Sin embargo, aunque a veces le dé a uno la sensación, no solo hay negocio con el extranjero. Estaba el que vendía panes por dos pesos que le costaban uno y los ofertaba pregonando un mantra horrible (y que me despertaba cada día a las siete con “¡eeeeeeeeeeeel... pán!”). El que criaba pichones blancos para la brujería: se venden carísimos cuando no hay por la zona, decía. O el que vendía cigarros (puros) que su padre le conseguía de la fábrica. O otro -Osmani, de Casilda- que me confiaba en voz baja (porque es ilegal), que era listero del juego de la bolita (una lotería muy popular que se mueve desde Radio Martí, en Miami, y cuyo funcionamiento tardé dos cervezas en comprender). O Livorio, que vendía productos más baratos que en las tiendas.
-De los camiones que distribuye el estado siempre sobra algo - me decía.
-Entonces, eso que vendéis, ¿es del estado? - quise confirmar.
-¡Chácho! Si el estado no te da, ¡tienes que robarle!

Lógica cubana. Mucho bisnes, mucho trapicheo, mucha picaresca. Y menos mal de ella. En la playa del Ancón había un prietito de unos dieciocho años, cuyos beneficios provenían de venderle a los turistas -instalados en sus hamacas y chalapitas- consumiciones que adquiría él mismo en el bar, a escasos treinta metros de distancia.
-Compro por un dólar y medio y vendo por dos. El yuma -el turista- ni se entera y yo me saco medio cuc por cada viaje. Eso es una libra de bistec-, me decía.
Perfecto, pensé. No hace daño a nadie y todo el mundo sale ganando.

Un basto catálogo de creatividad empresarial, por otra parte, inevitable. Porque en los sueldos en Cuba hay equidad, pero mucha precariedad. Y no queda otro remedio que buscarse la vida. Bárbaro, licenciado en Cultura deportiva, profesional de la rehabilitación, trabajó también de carnicero.
-Los sueldos oficiales son demasiado bajos. Y quién quiere trabajar por tan poco - decía.

Y aunque no todo el mundo quiere salir de la isla, no es nada fácil salir de ella. Y los resultados de quienes lo consiguen son dispares. Desde Bárbara, la prima de Bárbaro, que venía de Angola, y decía preferirlo a los Estados Unidos, hasta la cuñada de Iliana, que tuvo una malísima experiencia en Vigo, pasando por la exmujer de Bárbaro, la modelo mulata que “era puro sexo, y que vivía espléndidamente de la pensión de su exmarido canadiense y multimillonario.
-¿Y porqué lo dejásteis? - le pregunté.
-Mira, Havier - no conseguí que me llamase Xavi – Yo soy un hombre de principios, hasta que soy un hombre de finales - qué grande, pensé -. No reniego de mi origen humilde. Y aquella jeba me quería llevar a su terreno. A muchos poquitos, me cansé de ella. Así que le di todas sus cosas – sólo las fundas de la cama costaban doscientos dólares – y le dije que se marchara.

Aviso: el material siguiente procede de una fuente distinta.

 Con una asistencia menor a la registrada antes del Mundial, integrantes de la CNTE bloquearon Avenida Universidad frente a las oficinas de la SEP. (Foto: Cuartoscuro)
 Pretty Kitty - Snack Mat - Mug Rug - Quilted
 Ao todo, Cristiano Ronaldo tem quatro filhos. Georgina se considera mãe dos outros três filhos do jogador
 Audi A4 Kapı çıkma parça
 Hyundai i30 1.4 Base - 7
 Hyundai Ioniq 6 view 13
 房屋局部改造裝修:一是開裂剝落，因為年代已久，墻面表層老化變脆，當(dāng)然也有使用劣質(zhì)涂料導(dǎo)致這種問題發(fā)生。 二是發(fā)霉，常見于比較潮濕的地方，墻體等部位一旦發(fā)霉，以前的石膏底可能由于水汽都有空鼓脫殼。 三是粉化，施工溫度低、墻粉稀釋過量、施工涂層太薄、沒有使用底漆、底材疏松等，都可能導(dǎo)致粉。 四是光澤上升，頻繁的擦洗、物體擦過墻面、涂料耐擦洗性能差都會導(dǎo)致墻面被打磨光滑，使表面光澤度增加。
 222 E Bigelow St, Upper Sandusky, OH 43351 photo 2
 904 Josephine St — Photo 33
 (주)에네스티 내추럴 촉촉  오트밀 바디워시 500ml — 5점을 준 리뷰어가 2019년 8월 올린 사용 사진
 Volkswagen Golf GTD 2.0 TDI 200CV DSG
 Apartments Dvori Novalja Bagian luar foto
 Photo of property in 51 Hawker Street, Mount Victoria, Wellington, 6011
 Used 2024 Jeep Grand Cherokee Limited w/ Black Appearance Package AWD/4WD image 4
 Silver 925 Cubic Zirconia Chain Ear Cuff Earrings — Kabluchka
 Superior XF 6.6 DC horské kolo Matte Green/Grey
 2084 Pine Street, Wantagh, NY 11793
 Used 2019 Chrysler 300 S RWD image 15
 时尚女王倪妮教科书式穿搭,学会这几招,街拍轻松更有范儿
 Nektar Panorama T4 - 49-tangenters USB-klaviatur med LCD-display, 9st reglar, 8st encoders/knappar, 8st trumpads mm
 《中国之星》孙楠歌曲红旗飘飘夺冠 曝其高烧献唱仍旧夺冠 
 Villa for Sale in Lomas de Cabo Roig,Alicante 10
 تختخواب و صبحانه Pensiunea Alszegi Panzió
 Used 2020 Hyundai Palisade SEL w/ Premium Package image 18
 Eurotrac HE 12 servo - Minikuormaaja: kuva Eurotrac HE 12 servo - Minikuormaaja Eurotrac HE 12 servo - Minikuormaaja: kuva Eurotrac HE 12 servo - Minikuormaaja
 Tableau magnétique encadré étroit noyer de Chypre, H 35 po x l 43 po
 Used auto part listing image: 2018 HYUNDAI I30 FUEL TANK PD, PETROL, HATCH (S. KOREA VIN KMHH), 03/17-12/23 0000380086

Porque Bárbaro vino a contrarrestar la percepción de Cuba que me había dejado el Chino, tan sacrificada y pesimista. Bárbaro era comunista, masón, y con una profunda convicción por ayudar al prójimo. Decía que era consciente que la corrupción y las injusticias suceden en todo el mundo pero afirmaba -orgulloso y temible con aquella espalda de exluchador grecorromano- sentirse feliz en Cuba.
-No necesito nada más - decía.

Y me gustó ese enfoque. Cubanos satisfechos. Sencillos, pero ocurrentes y abiertos. Pícaros y guasones, pero también instruídos. Porque la educación -y la sanidad- son gratuitas, y mucha gente tiene títulos universitarios.
-Y que no se quejen tanto -opinaba, días después, una señora mejicana con quién charlaba- que aquí si no trabajas no tienes nada. Allí almenos tienes tu arroz, tus huevos, tu pan. Que aunque sea poco, es más que nada.
Lo de siempre, pensé. Pros y contras, anverso y reverso, justicias e injusticias.

Y me dejo para el final a Pillo, a Iliana, a Yule, a Héctor. Trinidad és el millor lloc de Cuba, me había dicho Héctor, días antes de empezar mi viaje. Y por lo poco que conocí, debo darle la razón. En casa de Pillo e Iliana (y Yako, su perro salchicha, que tenía una mirada parecidísima a la de mi Dosete) me sentí verdaderamente acogido como en familia. Trinidad fue mi última estación en Cuba, y es el lugar dónde viví lo más cercano a una inmersión, a una cotidianeidad. La sensación vecinal de andar de una casa a otra, de tomar algo con aquel, de charlar por la calle con aquel otro. Y entendí perfectamente que Héctor - el español cubano, le llaman allí - se hubiera integrado con tanta facilidad.

Y aunque, como en todo el resto de mi viaje, estoy seguro que me dejé mil cosas por ver, escuchar y hacer, me queda un grato recuerdo de Cuba. Prueba de ello es que por primera (y hasta el momento, única) vez en lo que llevaba de viaje, sucumbí ante la tentación y me compré un souvenir. La gorra verde militar con la estrella comunista y la bandera cubana. Y -como me gritaba Bárbaro cuando le llamaba “comandante”- ¡que Viva Cuba Libre, caraho!